[SOURCE MATERIAL]

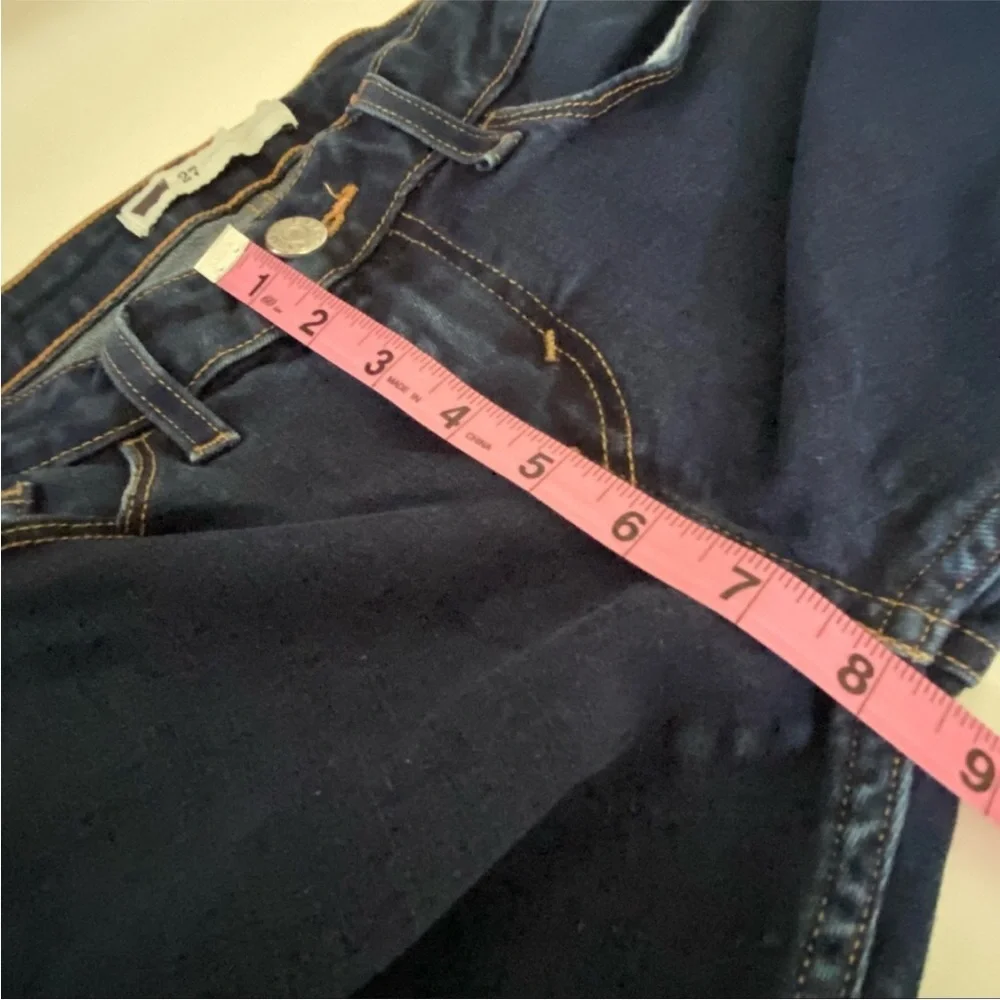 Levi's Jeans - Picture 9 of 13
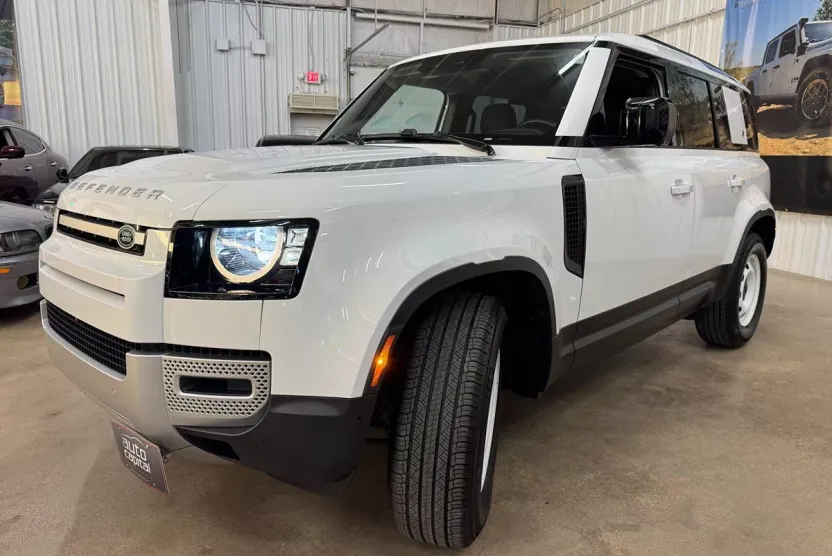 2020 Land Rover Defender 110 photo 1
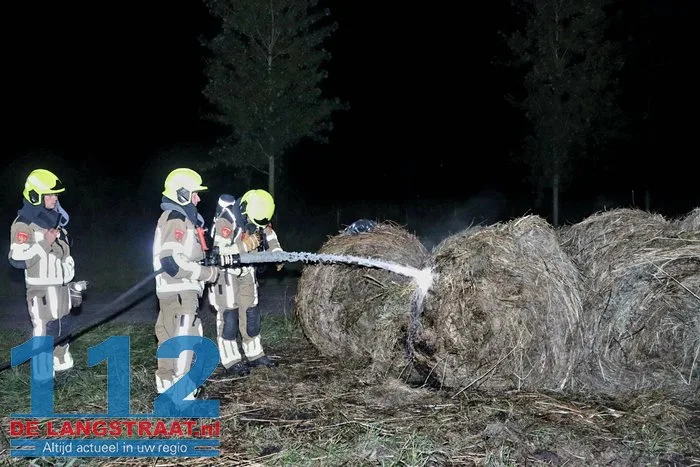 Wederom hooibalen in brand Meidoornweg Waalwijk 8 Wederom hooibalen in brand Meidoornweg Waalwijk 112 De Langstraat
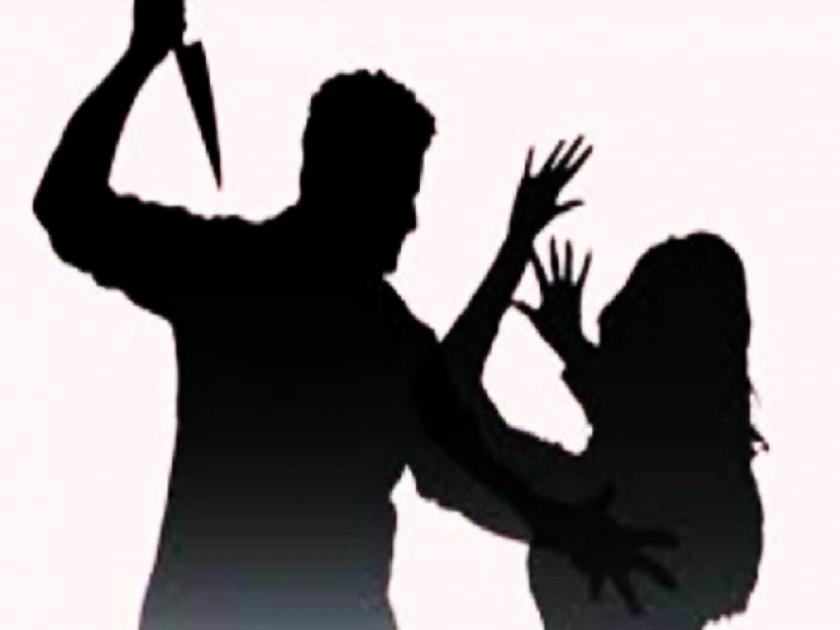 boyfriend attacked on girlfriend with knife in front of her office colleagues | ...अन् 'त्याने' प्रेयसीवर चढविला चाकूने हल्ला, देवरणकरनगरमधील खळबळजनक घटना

[/SOURCE MATERIAL]
[SOURCE MATERIAL]

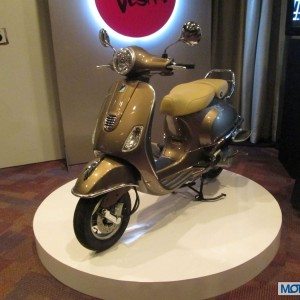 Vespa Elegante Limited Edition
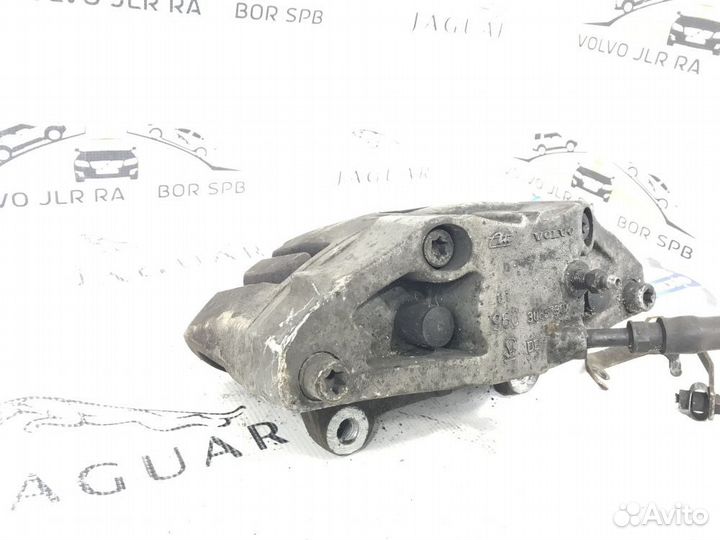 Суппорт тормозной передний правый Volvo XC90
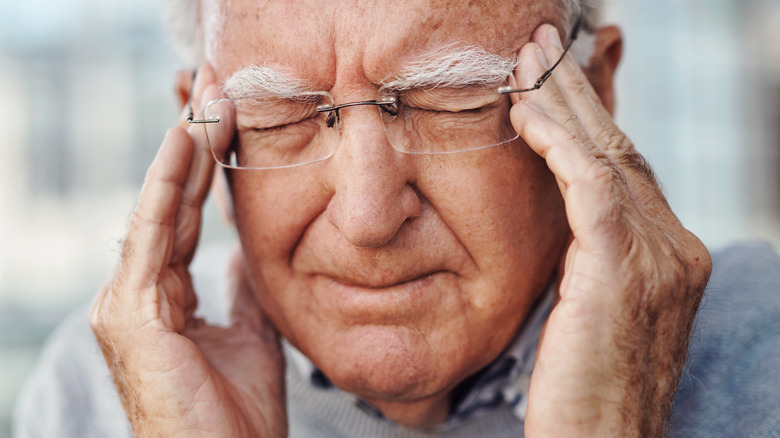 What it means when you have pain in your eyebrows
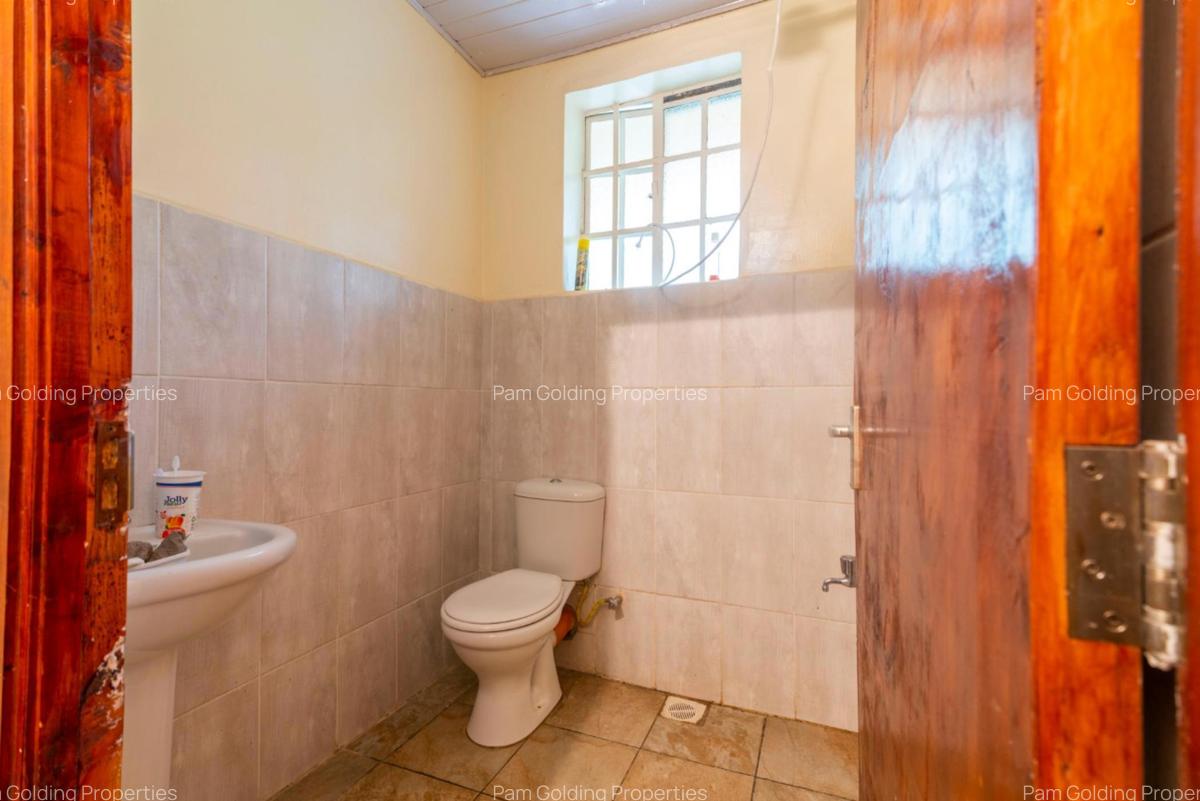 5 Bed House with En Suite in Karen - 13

[/SOURCE MATERIAL]

WHAT YOU ARE ASKED TO DO - Output only the stretch above from the line with "What it means" through the line with "5 Bed House with En Suite in Karen - 13", reproduced exactly. Exclude pictures.

TASK RESULT -
 What it means when you have pain in your eyebrows
 5 Bed House with En Suite in Karen - 13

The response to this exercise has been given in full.